An Egyptian MiG, seconds before crashing & an F-4 Phantom turning to the next MiG | Archive Photo
In His Way
During the war, the Squadron’s command was held by three different commanders. When the war broke out, the Squadron Commander, Lt. Col. Yiftah Semel was in the U.S, so his deputy, Brig. Gen. (Res.) Ron Huldai, took his place. Shortly after Lt. Col. (Res.) Semel returned and took over the command once again, he ejected from his aircraft, was injured and was replaced by Maj. Gen. (Res.) Eitan Ben Eliyahu, then head of a Branch in the IAF’s operational HQ and a former deputy commander of the squadron who later went on to become IAF Commander. When he was appointed, he was told by Maj. Gen. (Res.) Amos Lapidot, then the squadron’s AFB Commander: “I suggest that we give the squadron a day off”. “Under absolutely no circumstances”, shot back Maj. Gen. (Res.) Ben Eliyahu. “There will be no recess of flights”.

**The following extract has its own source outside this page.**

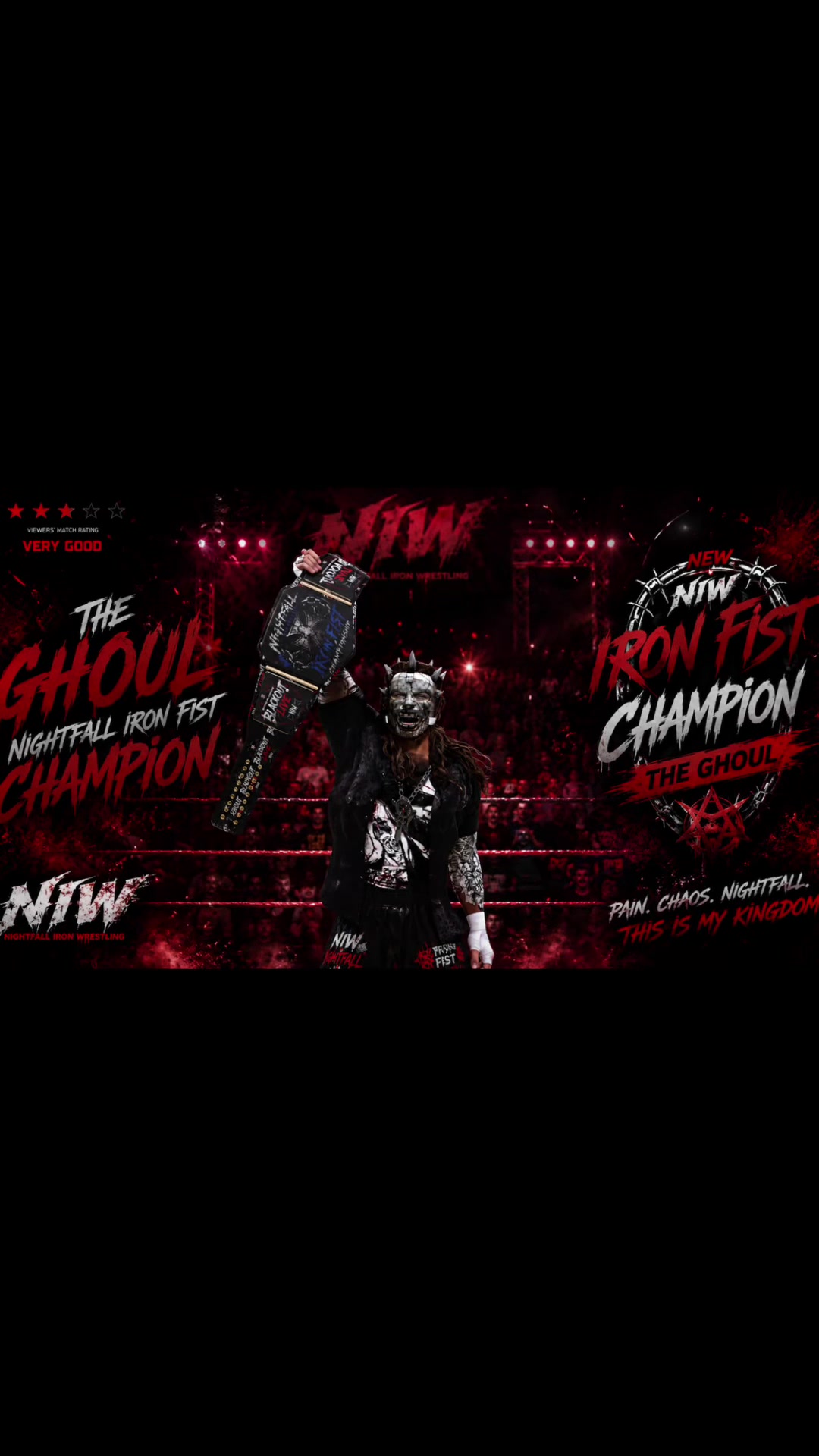 @Nightfall Iron Wrestling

“Fine”, said Lapidot. “But let’s agree that in the next few days the squadron will receive missions of a lower operational class”. “Amos, I want you to understand me”, answered Ben Eliyahu while his face went red. “I have no intention for you to force my squadron to rest, it doesn’t matter what you call it”. “Oh alright”, sighed Lapidot, “Do it your way”.
And he surely did. Even though the squadron lost 40 percent of its airmen and more jets than any other F-4 Phantom squadron, when the war ended, the “One” Squadron had downed more enemy aircraft than any other squadron. In 2013, the squadron inaugurated a monument for the squadron members who fell in the war. Beside the names, a silhouette of the “Sufa” (F-16I) is etched on the monument, the jet operated by the “One” Squadron today, with which it continues to write the squadron’s story in the pages of history.